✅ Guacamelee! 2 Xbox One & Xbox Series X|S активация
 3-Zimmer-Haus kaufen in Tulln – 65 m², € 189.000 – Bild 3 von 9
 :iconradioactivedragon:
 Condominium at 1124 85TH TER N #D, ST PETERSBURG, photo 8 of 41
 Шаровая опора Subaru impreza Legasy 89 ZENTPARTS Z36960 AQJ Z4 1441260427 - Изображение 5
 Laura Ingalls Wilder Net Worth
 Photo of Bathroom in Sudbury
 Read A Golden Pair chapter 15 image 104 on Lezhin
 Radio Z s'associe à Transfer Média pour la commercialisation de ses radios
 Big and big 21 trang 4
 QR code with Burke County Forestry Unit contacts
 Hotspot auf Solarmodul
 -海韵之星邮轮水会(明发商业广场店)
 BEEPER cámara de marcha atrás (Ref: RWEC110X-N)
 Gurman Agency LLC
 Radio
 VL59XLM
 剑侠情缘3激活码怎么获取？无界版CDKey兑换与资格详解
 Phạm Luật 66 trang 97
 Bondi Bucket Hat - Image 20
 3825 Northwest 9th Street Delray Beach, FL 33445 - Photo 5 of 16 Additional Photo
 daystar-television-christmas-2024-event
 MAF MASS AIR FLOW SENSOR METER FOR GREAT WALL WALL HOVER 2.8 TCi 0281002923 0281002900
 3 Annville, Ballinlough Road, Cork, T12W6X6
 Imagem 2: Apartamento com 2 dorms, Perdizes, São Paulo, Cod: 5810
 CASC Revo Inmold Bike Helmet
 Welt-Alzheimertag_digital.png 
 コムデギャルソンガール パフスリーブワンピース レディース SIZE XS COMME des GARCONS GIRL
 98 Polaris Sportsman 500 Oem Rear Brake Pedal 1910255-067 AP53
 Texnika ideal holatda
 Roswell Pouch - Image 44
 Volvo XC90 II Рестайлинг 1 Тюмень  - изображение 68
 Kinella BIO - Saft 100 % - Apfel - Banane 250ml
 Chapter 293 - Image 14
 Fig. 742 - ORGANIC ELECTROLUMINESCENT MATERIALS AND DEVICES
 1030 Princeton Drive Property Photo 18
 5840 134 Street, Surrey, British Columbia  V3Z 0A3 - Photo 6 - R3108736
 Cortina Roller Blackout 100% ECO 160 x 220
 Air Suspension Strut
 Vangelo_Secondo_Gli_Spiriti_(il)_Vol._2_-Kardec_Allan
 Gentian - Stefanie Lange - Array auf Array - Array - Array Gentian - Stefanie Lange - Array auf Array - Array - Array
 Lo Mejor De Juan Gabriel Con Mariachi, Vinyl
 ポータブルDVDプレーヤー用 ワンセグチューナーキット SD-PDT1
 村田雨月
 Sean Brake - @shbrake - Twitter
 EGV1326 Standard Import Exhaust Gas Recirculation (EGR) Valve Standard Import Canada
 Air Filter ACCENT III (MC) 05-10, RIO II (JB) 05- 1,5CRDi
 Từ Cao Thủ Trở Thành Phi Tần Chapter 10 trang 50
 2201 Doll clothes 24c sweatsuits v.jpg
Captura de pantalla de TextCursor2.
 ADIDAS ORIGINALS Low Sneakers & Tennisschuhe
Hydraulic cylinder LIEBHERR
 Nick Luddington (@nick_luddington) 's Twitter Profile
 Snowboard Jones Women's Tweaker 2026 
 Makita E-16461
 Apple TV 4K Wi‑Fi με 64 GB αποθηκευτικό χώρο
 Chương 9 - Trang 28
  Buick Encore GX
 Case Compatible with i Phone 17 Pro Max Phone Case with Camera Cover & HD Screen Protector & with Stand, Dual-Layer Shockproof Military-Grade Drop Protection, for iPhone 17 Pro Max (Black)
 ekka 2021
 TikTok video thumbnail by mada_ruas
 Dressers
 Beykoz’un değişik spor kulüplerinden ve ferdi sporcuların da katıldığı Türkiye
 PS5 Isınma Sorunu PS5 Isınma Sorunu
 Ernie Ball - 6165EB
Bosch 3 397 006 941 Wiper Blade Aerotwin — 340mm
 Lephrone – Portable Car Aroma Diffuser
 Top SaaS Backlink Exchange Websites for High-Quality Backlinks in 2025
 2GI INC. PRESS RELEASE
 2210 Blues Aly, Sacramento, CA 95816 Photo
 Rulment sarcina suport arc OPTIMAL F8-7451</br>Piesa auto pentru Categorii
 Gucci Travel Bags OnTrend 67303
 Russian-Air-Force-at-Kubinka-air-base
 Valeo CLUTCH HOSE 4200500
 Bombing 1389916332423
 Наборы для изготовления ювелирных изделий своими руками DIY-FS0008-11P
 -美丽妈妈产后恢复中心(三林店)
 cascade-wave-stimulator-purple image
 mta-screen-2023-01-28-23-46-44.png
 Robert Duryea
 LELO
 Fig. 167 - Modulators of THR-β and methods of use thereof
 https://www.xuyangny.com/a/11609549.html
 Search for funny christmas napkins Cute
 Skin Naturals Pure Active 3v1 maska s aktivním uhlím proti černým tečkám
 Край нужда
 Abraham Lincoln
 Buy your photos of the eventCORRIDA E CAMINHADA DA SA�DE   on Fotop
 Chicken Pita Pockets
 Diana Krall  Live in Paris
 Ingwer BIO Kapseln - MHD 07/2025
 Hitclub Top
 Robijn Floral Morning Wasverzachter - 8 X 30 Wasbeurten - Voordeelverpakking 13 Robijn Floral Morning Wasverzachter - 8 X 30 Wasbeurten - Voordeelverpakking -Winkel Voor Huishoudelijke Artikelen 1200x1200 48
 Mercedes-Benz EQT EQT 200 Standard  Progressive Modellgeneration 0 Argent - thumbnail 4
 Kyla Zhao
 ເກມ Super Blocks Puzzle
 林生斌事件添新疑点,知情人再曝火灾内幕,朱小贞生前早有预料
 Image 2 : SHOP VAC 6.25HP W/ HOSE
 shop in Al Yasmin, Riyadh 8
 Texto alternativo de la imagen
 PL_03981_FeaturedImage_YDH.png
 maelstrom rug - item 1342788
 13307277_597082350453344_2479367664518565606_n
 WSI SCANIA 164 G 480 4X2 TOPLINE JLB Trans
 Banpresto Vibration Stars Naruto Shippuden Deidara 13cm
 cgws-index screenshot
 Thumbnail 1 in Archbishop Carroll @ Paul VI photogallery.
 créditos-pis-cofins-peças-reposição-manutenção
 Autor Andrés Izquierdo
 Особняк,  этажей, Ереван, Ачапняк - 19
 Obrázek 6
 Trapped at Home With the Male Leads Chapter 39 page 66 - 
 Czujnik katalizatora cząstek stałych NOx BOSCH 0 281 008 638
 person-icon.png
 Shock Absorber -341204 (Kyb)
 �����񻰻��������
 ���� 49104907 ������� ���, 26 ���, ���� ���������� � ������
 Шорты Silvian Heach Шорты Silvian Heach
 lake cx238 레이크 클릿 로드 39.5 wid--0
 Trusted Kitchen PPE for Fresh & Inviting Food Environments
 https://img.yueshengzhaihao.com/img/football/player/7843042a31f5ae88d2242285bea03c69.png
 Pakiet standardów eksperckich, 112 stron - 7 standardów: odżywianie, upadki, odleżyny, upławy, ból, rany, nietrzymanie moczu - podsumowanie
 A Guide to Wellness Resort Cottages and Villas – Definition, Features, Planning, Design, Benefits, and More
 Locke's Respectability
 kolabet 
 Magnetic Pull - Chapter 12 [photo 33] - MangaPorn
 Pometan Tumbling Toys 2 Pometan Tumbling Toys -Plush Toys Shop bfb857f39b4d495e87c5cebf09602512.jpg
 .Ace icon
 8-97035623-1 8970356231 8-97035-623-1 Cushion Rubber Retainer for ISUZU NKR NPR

+ + + + + + +

Match on "Twitter": copy every line in the records that has it.

 Sean Brake - @shbrake - Twitter
 Nick Luddington (@nick_luddington) 's Twitter Profile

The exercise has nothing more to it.